Son évasion en 1948 du futur mausolée de Franco, où il travaillait comme des milliers de prisonniers politiques, a inspiré un film. Aujourd’hui, à 92 ans, l’historien Nicolas Sanchez-Albornoz se dit « enchanté » du prochain transfert de la dépouille du dictateur.
« C’est une décision sensée », dit cet homme aux yeux bleus à l’AFP, qu’il reçoit dans la maison de campagne où il passe ses étés près de la ville d’Avila, située à environ une heure de route du « Valle de los Caidos », le complexe monumental où est enterré Franco.
« Un régime démocratique ne peut pas célébrer une dictature », ajoute le fils de Claudio Sanchez-Albornoz, ministre sous la Deuxième République espagnole (1931 – 1939), écrasée par Franco après trois ans de guerre civile.
« Dans aucun autre pays européen, un tyran similaire n’a de reconnaissance », dit-il encore en référence à la tombe du dictateur, accessible aux visiteurs et toujours couverte de fleurs.
Nicolas Sanchez-Albornoz était étudiant au printemps 1948 quand il fut arrêté avec un de ses amis, Manuel Lamana, pour avoir tenté de remettre sur pied une organisation étudiante.
Tous deux furent envoyés dans la vallée de Cuelgamuros, à 50 km au nord de Madrid, pour participer à la construction du futur mausolée de Franco.
Durant presque deux décennies (1940 – 1959), près de 20.000 prisonniers politiques bâtirent ce complexe monumental à la mémoire des combattants tombés pendant la guerre civile (1936 – 1939).
Mais contrairement à l’immense majorité d’entre eux, Sanchez-Albornoz estime avoir eu « beaucoup de chance » car comme il savait taper à la machine, il fut affecté dans un bureau, et non chargé de dynamiter la montagne pour construire la basilique et sa croix de 150 mètres de haut.

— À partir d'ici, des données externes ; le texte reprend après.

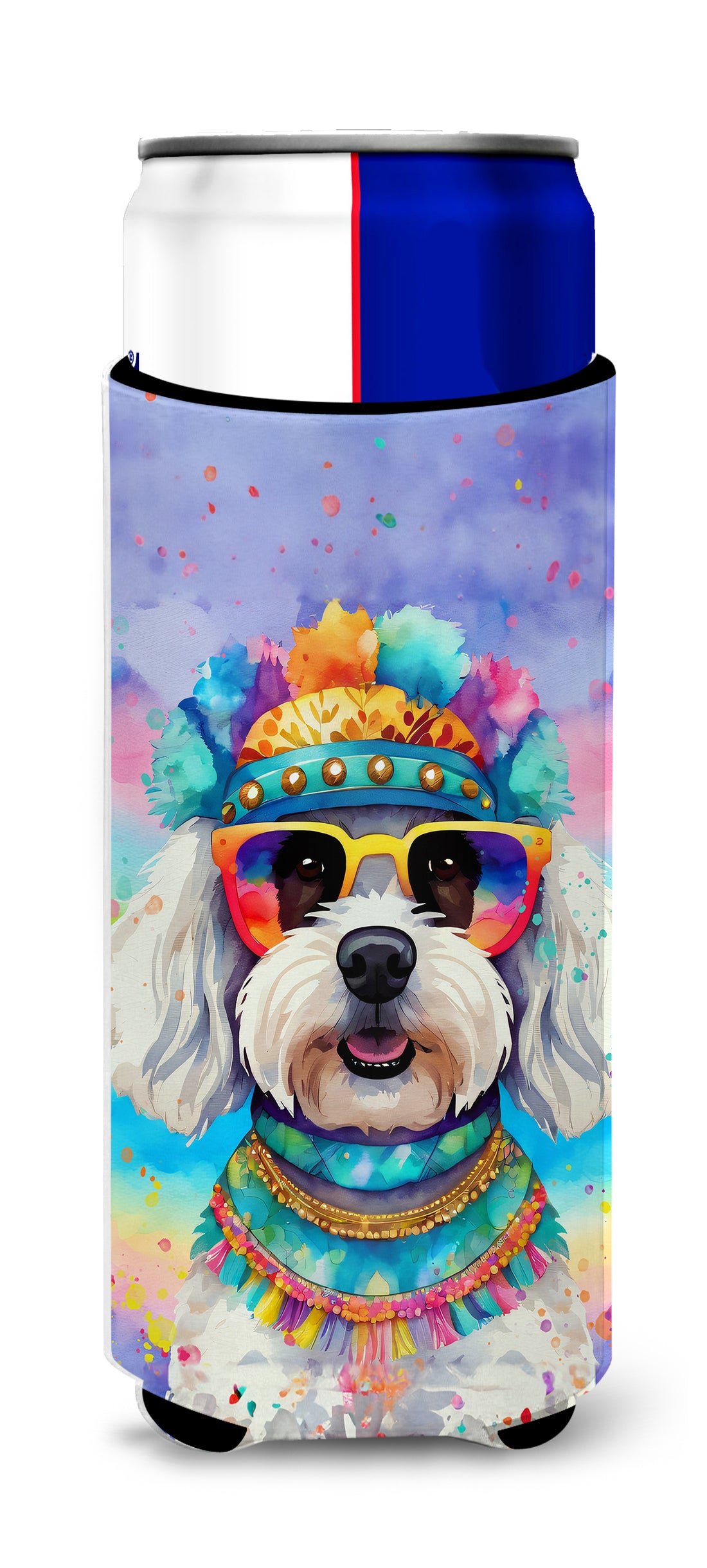 Buy this Bichon Frise Hippie Dawg Hugger for Ultra Slim Cans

Dans ses fonctions, il put voir que le travail des prisonniers, « loués » par l’Etat aux entreprises de construction, nourrissait tout un système de corruption et de marché noir, où était revendue une partie de la nourriture destinée aux forçats. La dictature « faisait du commerce » sur leur dos, dénonce-t-il.

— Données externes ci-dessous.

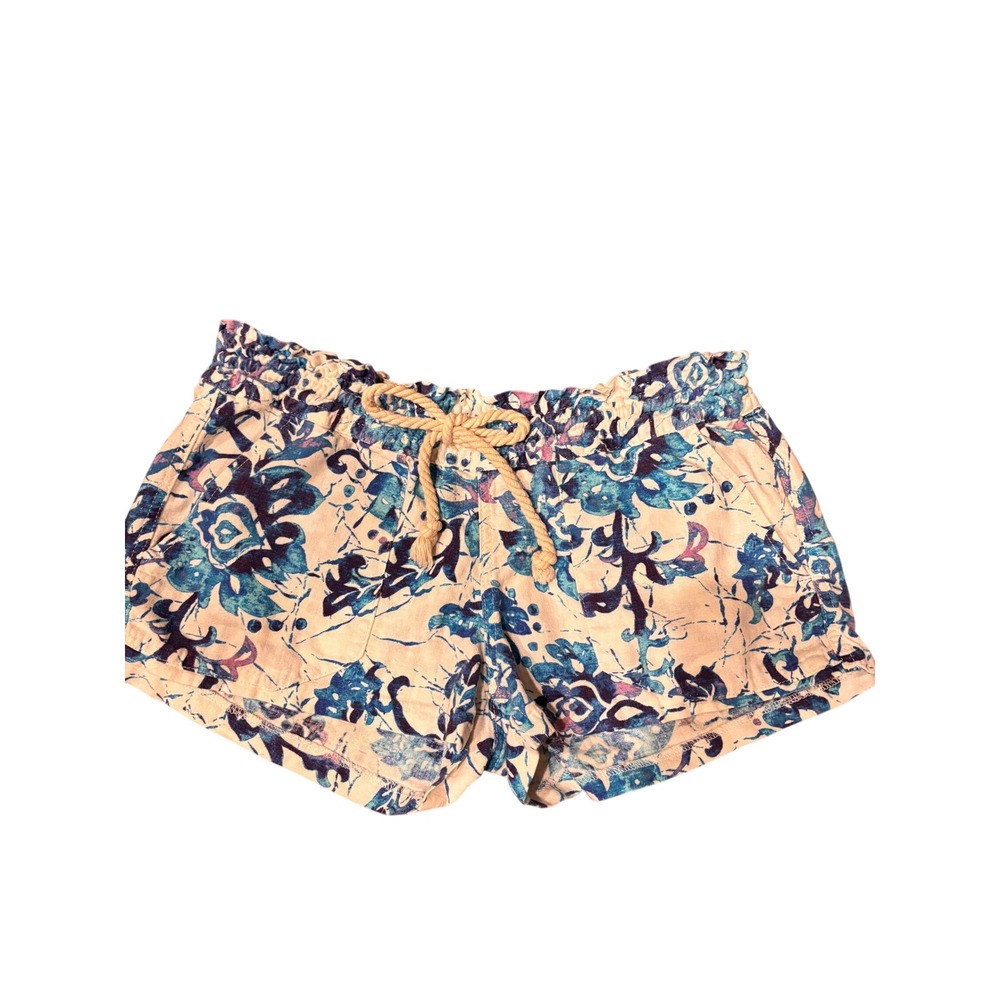Beach Tropical Roxy Shorts Linen Blend Elastic Waist Large Blue Purple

Jusqu’en France avec de faux laissez-passer
Sanchez-Albornoz signale que plus d’une dizaine de personnes sont mortes dans la construction du monument. Et selon lui, plus de 40 ont tenté de s’échapper de 1940 à 1948 « mais les seuls à y être parvenus sont « Manolo » Lamana et moi. Tous les autres sont tombés » aux mains de la police peu après leur fuite, assure-t-il.
Ils furent aidés dans leur entreprise par des camarades installés à Paris, qui leur fournirent un véhicule et de faux laissez-passer pour pouvoir atteindre la frontière française.

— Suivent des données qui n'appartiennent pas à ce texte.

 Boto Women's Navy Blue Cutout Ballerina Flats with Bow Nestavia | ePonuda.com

Partis à pied un dimanche d’août, ils furent récupérés à quelques kilomètres du Valle de los Caidos par une jeune touriste américaine dans une évasion devenue légendaire et ayant inspiré le film « Les Années volées » (1998).
L’historien a ensuite vécu en exil en Argentine et aux Etats-Unis avant de revenir en Espagne en 1976, l’année suivant la mort de Franco.
Depuis son bureau décoré de quelques photos de famille et avec vue sur la campagne, Sanchez-Albornoz pense aujourd’hui que « les souvenirs du passé seront toujours différents » dans les deux camps, dans un pays où la mémoire des années de guerre civile et de dictature fait encore débat.
Mais pour lui, la question est simple : « Comment voulons-nous vivre ? En dictature ? Ou tranquilles dans une démocratie, où tout le monde peut avoir son opinion ? Car cela suppose certaines conditions », même symboliques, comme retirer Franco de ce « monument de la dictature » qu’est le Valle de los Caidos, insiste-t-il.